If you're starting to panic, don't: it's astoundingly clear. Not to mention hilarious.

The cast of four are masters of their own physicality – creating backstory, winning laughs, and pinpointing the strongest of emotions with the smallest of gestures. Or with a mere flicker of a facial expression; Amalia Vitale's Chaplin repeatedly brings the house down with her pointed glances to the audience. She also nails his signature waddle, and Jerone Marsh-Reidnail responds with Laurel's doe-eyed blinks. Hugely mismatched in stature, they also make for the perfect slapstick duo.

They're supported by two equally adept performers. The protean Nick Haverson, who shapeshifts effortlessly between bombastic Fred Karno, Chaplin's drunk dad, a brilliant Oliver Hardy and more. And Sara Alexander, who delivers comedy and poignancy in equal measure as Chaplin's doting mother – one moment a coquettish wannabe performer, the next the straight-jacketed charge of the doctor. She also plays the show's original piano score, written by Mercury Music Prize nominee Zoe Rahman. Punctuating every tumble, tussle and wink, it proves an essential partner to the action.

Ioana Curelea's set looks simple. An ascending series of platforms, with a mini-stage-cum-sleeping-cabin onto whose red velvet curtain essential information or dialogue is projected. But don't be deceived. Artfully conceived to aid every slapstick stunt (look out for the hidden trampoline), this is a mime artist's dream playground.

And play they do. Running raggedly around a spinning table top to conjure an exhausting spiral staircase; moving through a labyrinth of hotel lifts using only the ding of a bell; re-enacting Chaplin's birth with, well, I'll leave that one as a surprise.

And best of all, they're not afraid to show us behind the curtain.
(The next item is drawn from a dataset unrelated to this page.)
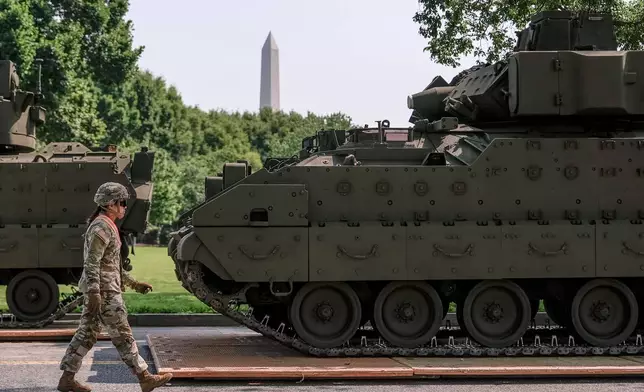 A U.S. Army soldier walks past a Bradley fighting vehicle staged in West Potomac Park ahead of an upcoming military parade commemorating the Army's 250th anniversary and coinciding with Donald Trump's 79th birthday, Wednesday, June 11, 2025, in Washington. (AP Photo/Julia Demaree Nikhinson)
The carefully lit candles that are subsequently ‘blown out' by pressing a button on the flame. The fish glued to the frying pan. The egg that bounces.

Timelines are no match for these four either. In one section, we ricochet between the ship, where tiny Chaplin is manoeuvring Laurel's enormous unconscious frame into a suitcase, and the 1970s, where a Savoy guest is delighted to be staying in Chaplin's favourite room. At the end of each scene, actors and props are left in new and challenging places, ready for the other timeline to deal with. It is silliness at its most complex and delightful.

Then, just when you think things can't get any more mad, there's the hip-hop segment. And if that's not enough to tempt you to this riotous masterclass in storytelling, then I don't know what will.